There have been far fewer studies on weight-training and brain health. However, a rodent study sought to explore just that link. Wait, so rats workout with weights? Let’s just say it involved weighted pellets, ladders, and Froot Loops. The important thing is the conclusion. In comparison to two control groups, the memory centers of the weight-trainer brains teemed with enzymes and genetic markers known to help generate new neurons. The brains of the “gym rats” were rebuilding, just at their muscles were. More research is needed, and with humans. “Psychological health is so uniquely human that it can be hard to make a good jump from animal models,” says exercise psychologist Jacob Meyer, PhD. Still, this is more scientific encouragement for humans to lift weights.


There’s strong evidence for the mental benefits of exercise in battling depression. A meta-study of 23 clinical trials testing exercise as a depression treatment showed exercise was clearly effective, and, in some studies, on par with antidepressant drugs. And exercise offers advantages over drugs. Antidepressant medications generally take weeks or months to show their full effect, but exercise can improve a person’s mood almost immediately, making it a valuable supplement to drugs and treatment.
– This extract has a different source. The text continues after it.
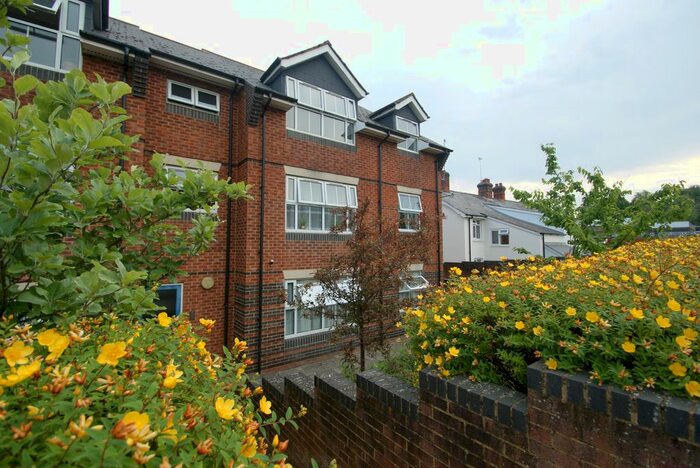 2 Bedroom Flat To Rent In London Street, Andover, SP10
Also, exercise can counteract some of the side effects of antidepressants, such as weight gain. “Many people who have mental health concerns are not enthusiastic about starting a medication for the rest of their lives and are interested in pursuing other options. Exercise might be one of those options,” says Dr. Meyer.

In fact, exercise is one of the most exciting areas of mental health treatment. A growing body of emerging evidence suggests it may have multiple applications, such as treating or avoiding anxiety disorders, including post-traumatic stress disorder (PTSD), and possibly other serious psychotic conditions.


How hard a person can workout is only weakly associated with psychological health, so, bragging rights aside, the fact that you can lift more or run longer than your training partner doesn’t signify improved brain function. Something else must be going on. There’s the gene mentioned previously. There’s also a protein called brain-derived neurotrophic factor (BDNF). BDNF is one of the key molecules that encourage the growth of new brain cells—including, possibly, in the hippocampus. The hippocampus tends to be smaller or distorted in people with depression, anxiety and schizophrenia, so boosting BDNF (as antidepressant drugs do) through exercise may be one way working out helps people manage these conditions.

Experts agree exercise almost certainly has other effects on the brain. For one thing, exercise stimulates the release of endocannabinoids, molecules that are important in modifying the connections between brain cells—the mechanism that underlies learning.

And physical activity also moderates the body’s response to stress and reduces inflammation, both of which could help improve brain health.


But changing the structure of the brain isn’t the only way physical activity can be beneficial for those suffering from mental issues. The habit of exercise itself can help by altering thought patterns. Simply doing some physical activity can occupy a person’s attention and keep them from ruminating on problems. To this end, one survey of published literature found that placebo exercise (mere gentle stretching) had almost half the positive effect on mental health as strenuous exercise.

exercise and mental health

Besides just occupying the mind, regular workouts also give exercisers a clear sense of progress as their strength and fitness improve. This may be especially notable in weight-training, where people can make easily measurable gains (one more rep than last time), and it can help offset some of the emotional burdens of depression and anxiety. And relatively strenuous exercise teaches people to put up with short-term discomfort for long-term gain, a useful skill for people with mental health issues.


Exercise certainly isn’t a mental health panacea. But research has proven it can improve your brain function as well as your body function, boosting memory and cognition. It can raise your self-worth and help you ward off depression and anxiety. Negative thoughts can be thwarted by the positive habit of working out. Train your brain by training your body.